How’s your word of mouth?
Large and midsized companies aren’t doing enough to leverage word of mouth (WOM) marketing when compared to their smaller firm counterparts, despite realizing its importance. A new JupiterResearch study says only 33 percent of large and midsized companies monitor their WOM, as opposed to 66 percent of small companies. Knowing how effective WOM advertising can be, personally I think both of those numbers should be higher.
What are you doing to create WOM marketing for your company? And what measures have you set in place to monitor your results?
You may or may not be aware of this, but the FIFA World Cup is going on. It’s sort of the Super Bowl of soccer, and despite the somewhat lackluster showing from the United States team (is it our fault Italy is next?), most everyone seems to have soccer fever. Even the search engines are on board, giving users immediate OneBox results and schedule information. (And of course Google has specialized logos for the thirty-two or so teams competing.) Do they care about the World Cup? Of course, not. They’re trying to convert that closet soccer enthusiast searcher into a lifetime Google/Yahoo!/Ask user.
While the engines are doing a great job, the company utilizing word of mouth the best is Coke. What are they doing? Like the United States will need to do to overtake Italy, they’re attacking the field at all angles to create conversation with their consumers.
Obviously, Coke is running a heavy promotional campaign. There are TV spots, banners at the game and an endless supply of Coke hats and water bottles. That’s all to be expected and it’s not what’s generating buzz.
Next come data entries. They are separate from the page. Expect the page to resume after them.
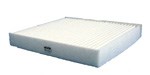 MC4588
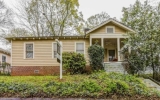 1769 Delaware Ave NE Atlanta, GA 30307 - Image 17381878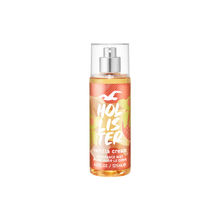HOLLISTER Vanilla Cream Fragrance Mist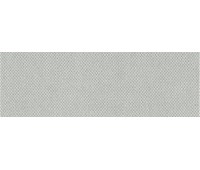 Agora Liso 160 3728 Silver Agora Liso 160 3728 Silver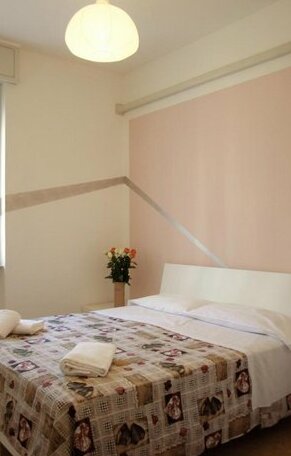 Corallo Appartamenti Bergamo - Photo4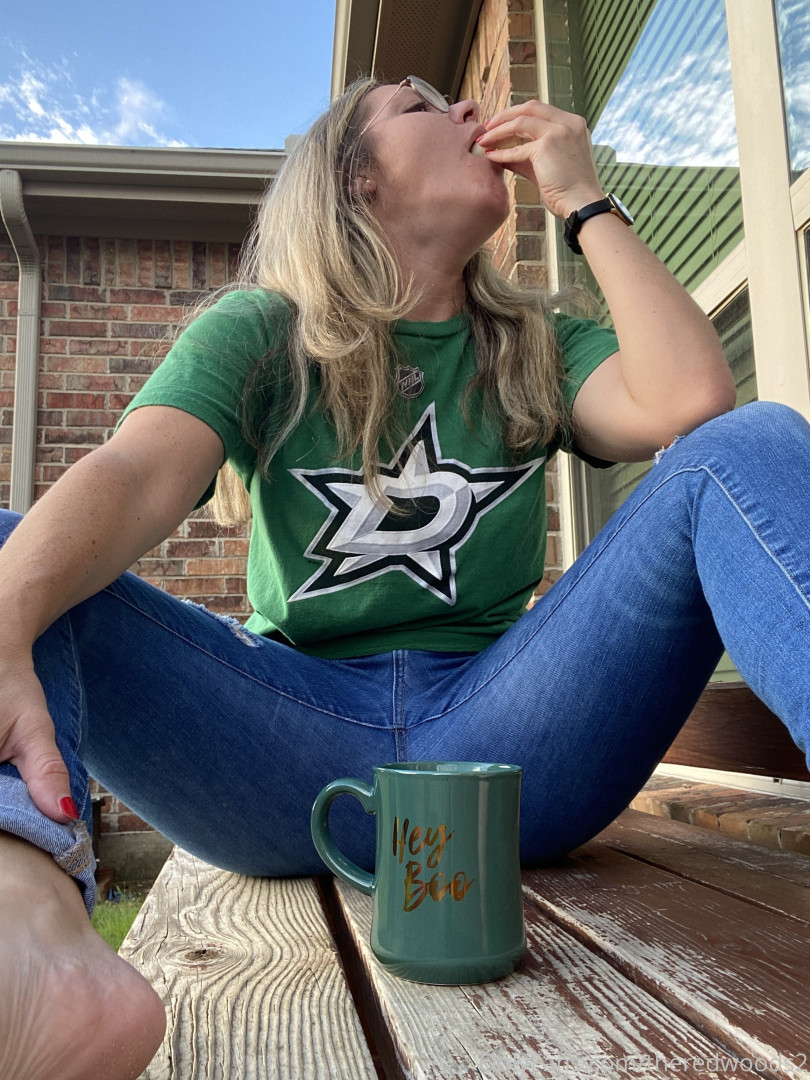 Photo by mrsredwood published on June 7,2023 01:15:36 - BestThots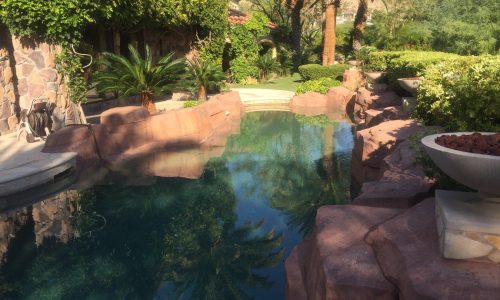 Selznick (Herbst) – Before4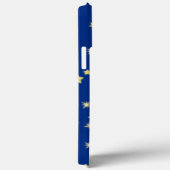 Zon, maan en sterren Case-Mate iPhone case (Achterkant / Rechts)
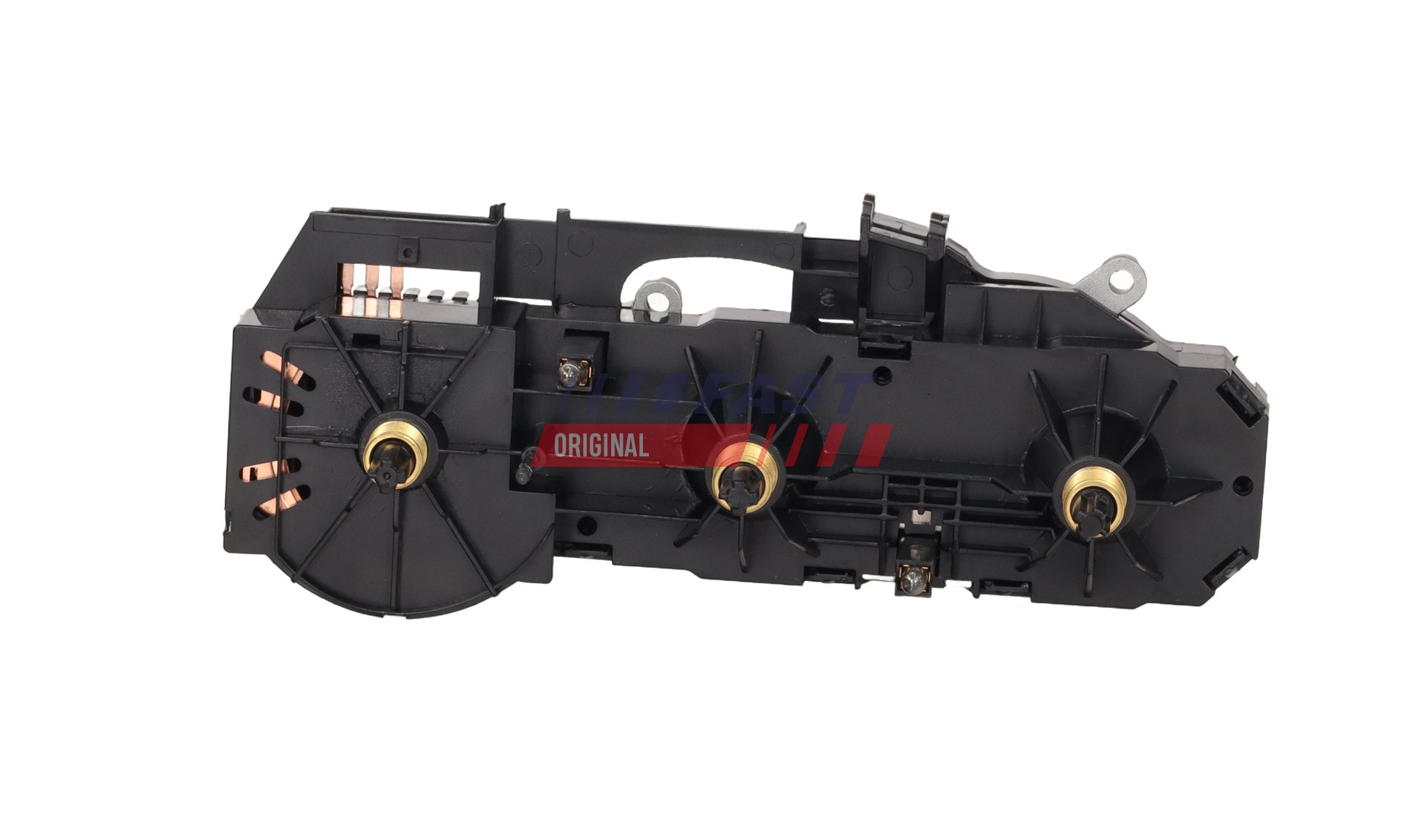 5901797081287 FAST FT59176 Kontrollenhet klimatanläggning SMART FORFOUR original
The most powerful thing they’re doing right now comes from their weallspeakfootball.com blogging network. Currently the network encompasses more than 30 bloggers from 15 different countries, including some of the best known European bloggers. It’s becoming the MySpace of the World Cup, and you can bet this is a campaign soccer fans will remember long after the World Cup ends on July 9th.
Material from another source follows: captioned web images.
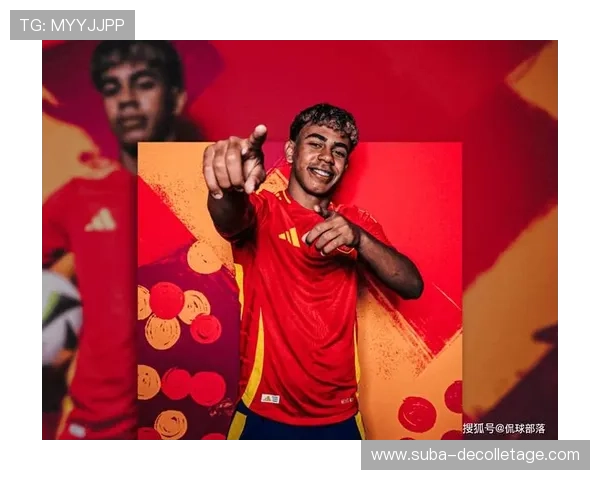 欧洲杯助攻榜：分析谁将成为本届赛事的核心传球手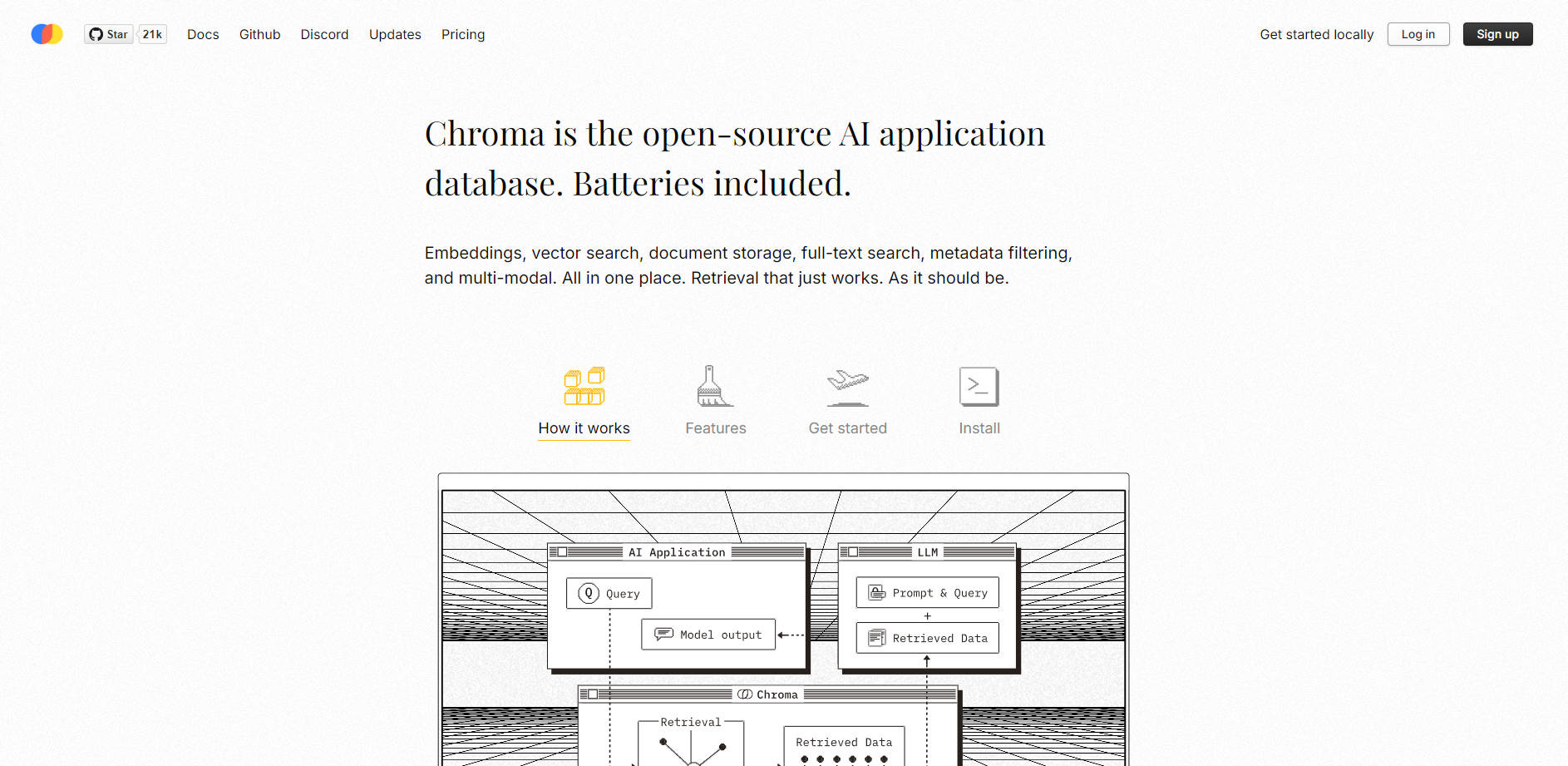 Chroma gallery image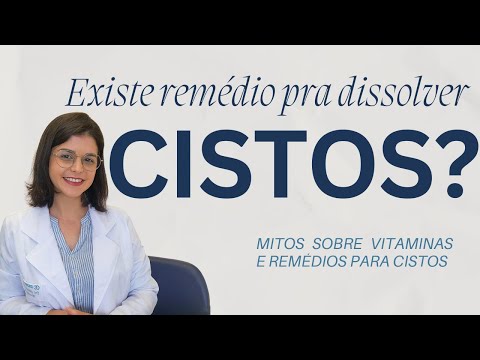 Gabriela Emery Cavalcanti Santos-11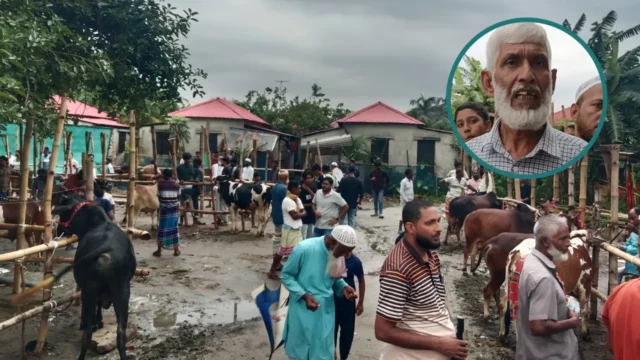 bnp-leader-20260526155008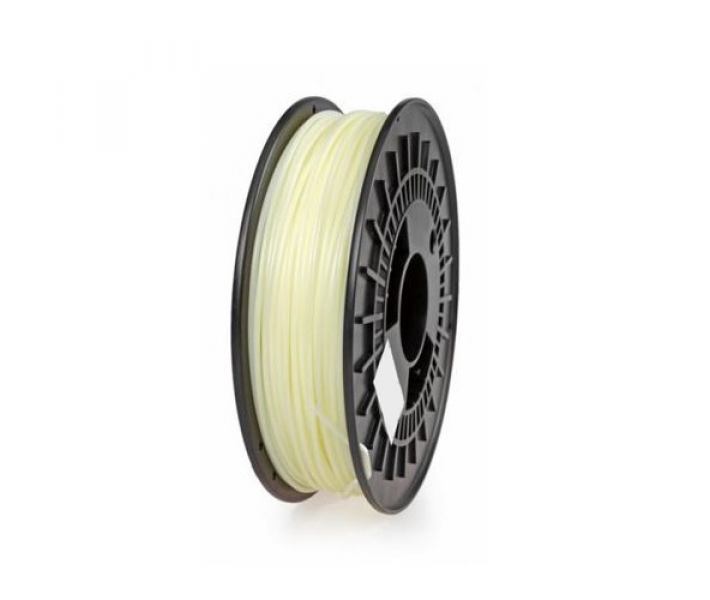 PA (Полиамид Nylon) 3DDevice натуральный 2,85 / 3,00 мм, 1 кг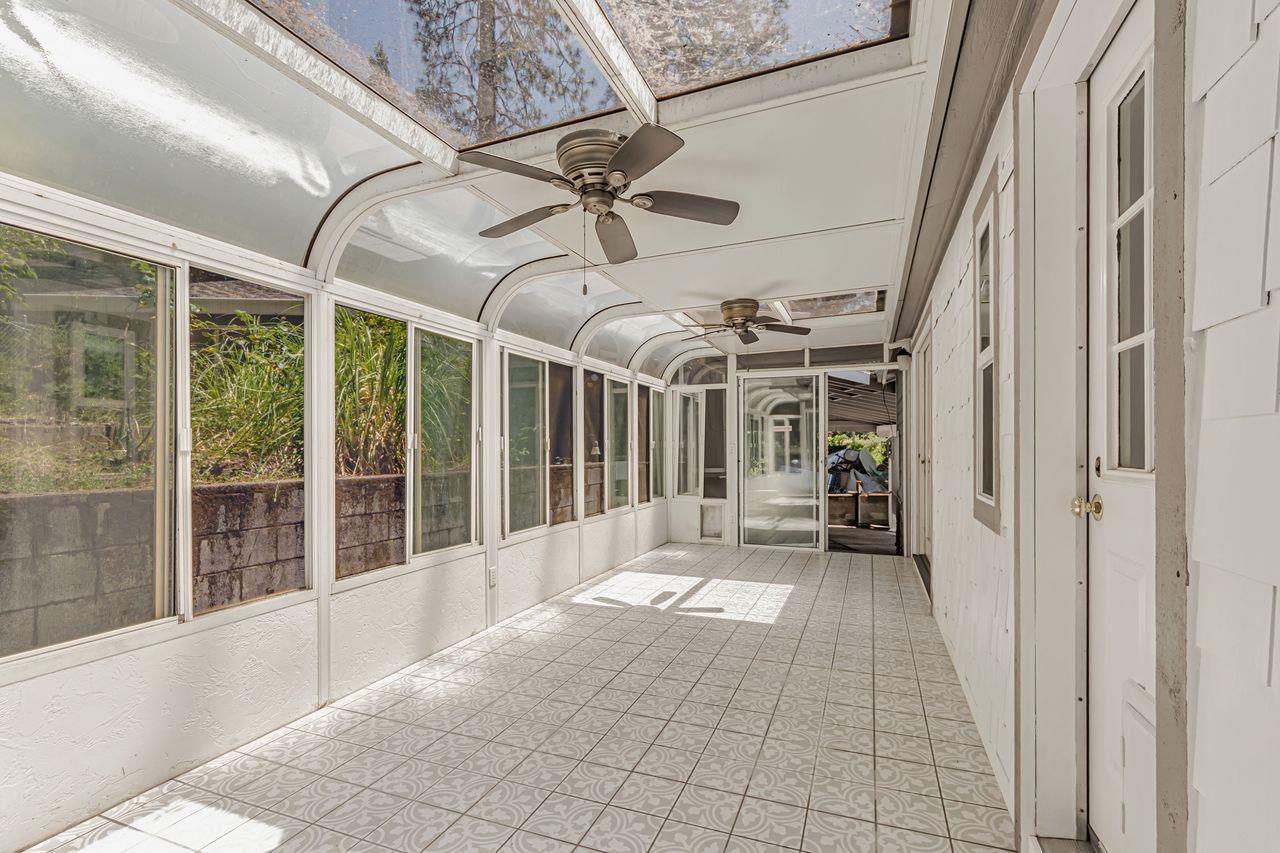 571 B Lane Applegate, CA 95703 - Photo 73 of 85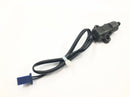 Yamaha GTS 1000 4FV [1997] - Side stand switch-2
The success of Coke’s blogging network is based on one thing: it grabs users at what Pete Blackshaw calls ‘the ex-spot’ or the moment of experience where consumers are best positioned to talk (more like, gush) about something. Coke is getting soccer fan-users excited about sharing a common experience (the World Cup) and then piggybacking off that excitement to make them excited about Coke. It’s genius and it’s working.
Coke has taught marketers an important lesson. To capitalize off word of mouth you have to hit your company’s specific ex-spot. If you’re running a Web site, create something that will get users excited (an interesting article, a promotion, etc.) and then make it brain dead easy for them to refer that offer to a friend. No complicated forms or log-ins necessary. Just get them excited and then present them an outlet to share that excitement.
If you have a brick and mortar store, your customer’s ex-spot is right at the end of that checkout counter. Get them there, still reeling from their purchase, and give them a way to share the feeling with others. They’ll be happy to do it.
We now live in a user-generated content world. Savvy consumers no longer care about what you have to say about your product. They want to know and tell others what they think. Give them that opportunity and allow your company to capitalize off the positive buzz. Hit customers while they are in the “brand groove” and you’ll quickly learn why positive word of mouth can be the most powerful form of advertising at your disposal.